Will pharmacogenetic testing in clinical trials become mandatory?

3.5 One recent survey suggested that most pharmaceutical companies believe that within five years, at least 50% of clinical trials will involve obtaining genetic data from participants.3 Aside from economic considerations, there may be other pressures to incorporate pharmacogenetic testing into the process of developing new medicines. This could include testing samples taken from participants during the early stages of a clinical trial with a view to identifying pharmacogenetic effects on response to treatment, or testing patients during the phase of monitoring and surveillance if adverse reactions come to light. These pressures may come from regulators, concerned with ensuring the optimal conditions for the safe use of new medicines, or from the threat of legal challenges from patients affected by adverse reactions. We consider each of these in turn.

Regulatory requirements

3.6 There have recently been discussions by regulatory bodies including the Food and Drug Administration (FDA) and European Medicines Evaluation Agency (EMEA) regarding strategies for incorporating pharmacogenetic analysis into the process of licensing medicines. At a meeting in April 2003, the Science Advisory Committee of the FDA stated that it would not require pharmacogenetic testing in all clinical trials.

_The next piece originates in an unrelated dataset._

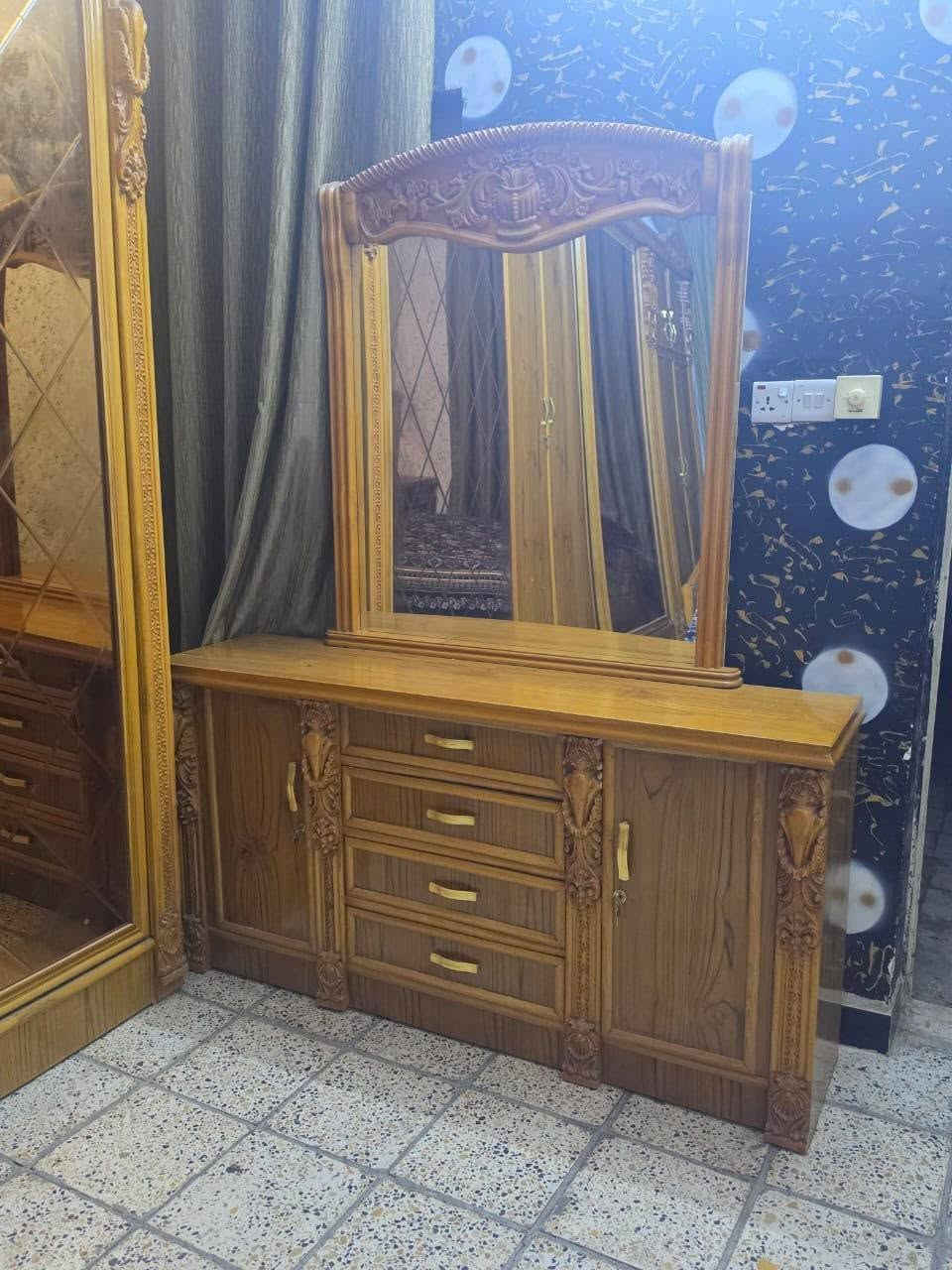 غرفه زقام تفصال سعرها مليون ونص ***********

However the draft proposal discussed at the meeting suggested that the FDA would require access to any data used in evaluating the safety or efficacy of medicines during development. This would include, for example, any data collected during the screening of patients before recruitment into a Phase I clinical trial and data used in determining dosage. In the case of pharmacogenetic data used solely for research purposes, the FDA plans to establish an Interdisciplinary Pharmacogenomics Review Group to consider data. However, these data would not be used in the process of approving or refusing a medicine. This ‘safe harbour’ would allow the FDA to become familiar with new technologies and products so that it would be equipped to evaluate similar information when products based on pharmacogenetic data begin to be produced.4

Box 3.1: The phases of clinical trials
Phase I
These studies assess the pharmacodynamics and pharmacokinetics of a potential new medicine in a small number of healthy human volunteers (20–80). The aims are to identify the dosage range to be explored in the clinical trials involving patients and, sometimes, to confirm that the medicine produces, in humans, the effects anticipated in preclinical studies. Phase I studies usually take several months to complete.
Phase II
Approximately 70% of new medicines tested in Phase I pass to Phase II. Trials at this stage usually involve around 100–300 patients, and are designed to investigate whether the potential efficacy of the new medicine is actually realised. These trials will also provide preliminary data on the safety of the new medicine, and information about dosage. Phase II studies may take up to two years to complete. Only if Phase II testing is successful will the medicine progress to Phase III.
Phase III
At this stage, the medicine is investigated in a larger and more heterogeneous patient population. These studies will confirm or refute the safety and efficacy of the new medicine under conditions more closely resembling clinical practice. The trials are usually double blind and will normally be either placebo-controlled or include comparison with standard treatment, where this exists. Phase III studies may take several years to complete.
!!Phase IV (Post-marketing surveillance or Pharmacovigilance)
Following regulatory approval, sponsors (typically pharmaceutical companies) conduct further studies to evaluate the longer-term effects of the medicine. Such studies might include the analysis of the cost-effectiveness of the new medicine in comparison to traditional treatments, evaluations of the medicine in a particular population, or assessments of the outcomes for patients after many years of treatment. During this phase, research may also be undertaken to test whether the medicine can treat other conditions.
Programmes to develop new medicines can fail at any of these stages. In Phase I, obviously pharmacologically inactive or unsafe medicines are usually discarded. In Phase II, treatments which are not effective will be detected. In Phase III, both efficacy and safety are further characterised. Those medicines which are less effective than existing treatments or which display problems of safety may be discarded. It is more costly to abandon a new product at the later stages of a trial because the length of time required, the number of patients involved, and the amount of data generated all increase as the trial progresses. In Phase IV, after medicines have been licensed, rare adverse reactions may still be identified which, if serious, could lead to the withdrawal of the medicine.

Footnotes

4 FDA Advisory Committee (2003) Pharmacogenomic Submissions Must Not Jeopardize Drug Development, Abbott’s Spear Says. Available: http://www.fdaadvisorycommittee.com/FDC/AdvisoryCommittee/Stories/040903_SciBoardR.htm. Accessed on: 17 June 2003; Kling J (2003) US FDA contemplates collection of pharmacogenomic data, Nat Biotechnol 21: 590.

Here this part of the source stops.